The API Subcommittee 10 on well cements developed new temperature correlations to improve estimates of circulating temperatures for cementing.1-3

Using API's current BHCT correlation schedules for designing the thickening time of cement slurries, for a given depth, requires technicians to know the averaged static temperature gradient.

The current API test schedules assume the SFT to be 80° F. To calculate the static temperature gradient, therefore, operators must determine the static or undisturbed temperature profile of formations with reasonable accuracy.

The value of SFT-the undisturbed and essentially constant formation temperature at about 50-ft depth-of 80° F. is typical only for wells in the Southern US and some other regions.

For this reason, the API test schedules are inaccurate for determining values of BHCT for cementing in wells drilled in deep waters, in the tropics, or in arctic regions.

For example, the equivalent parameter of SFT for offshore wells is the temperature of sea-bottom sediments or the mud line, which is close to 40° F. In arctic areas, the value of SFT is well below water's freezing point.

Many operators have concluded that computer-temperature simulations, rather than the API schedules, provide better estimates of cementing temperatures.4-6

On this note, the author presents a novel concept-the API equivalent wellbore (API-EW)-and will show that API's current BHCT correlations will apply for any deep well and for any surface formation temperature values.

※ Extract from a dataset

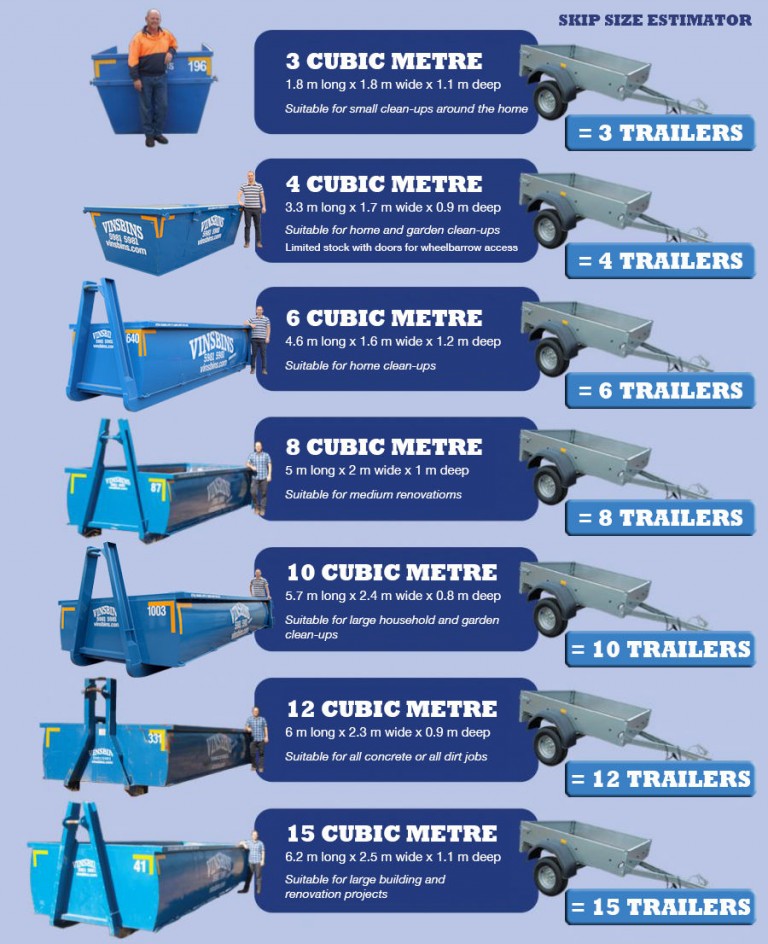 Bins Size Estimator Vins Bins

With the technique referred to as the API-EW method, an empirical formula and computer simulation results verify the suggested technique's applicability.

Empirical equation

A previous work had shown that the empirical Kutasov-Targhi equation could estimate the BHCT as a function of two independent variables: the static temperature gradient (G) and the bottomhole static or undisturbed temperature (Tfb).7

Equation 1 gives the relationship but should be used with caution for extrapolated values of Tfb and Γ, noting that API's current BHCT correlations apply for values of Γ ≤ 1.9° F./100 ft (see accompanying box).

Workers generated the equation based on 79 field measurements and from data collected in wells ranging from 5,520 to 23,670-ft deep. Its accuracy is 8.2° F. as estimated from the sum of squared residuals.

Equation 2 expresses values of Tfb as a function of SFT (To), which for land wells is the temperature of formations at 50-ft depth, and total vertical depth (H).

In practice, for deep wells, Equation 3 does not consider the 50-ft interval from surface to SFT (To). Equation 4 assumes that for offshore wells To is the mud-line or bottom-sediment temperature, about 40° F., and the water depth is Hw.

API-EW method

Workers considered field measurements from many deep wells to generate the API correlations for BHCT. To process field data, the staff of API Subcommittee 10 on well cements had used two variables: the averaged static temperature gradient and the vertical depth.

The need to assume a constant value of SFT presents a problem and forces the drilling engineer to estimate the static temperature gradient from Equation 5 to use the API schedules.

Differences between the relationships of Equations 3 and 4 and that of Equation 5 become apparent and reveal why significant deviations exist between the measured and predicted BHCT values.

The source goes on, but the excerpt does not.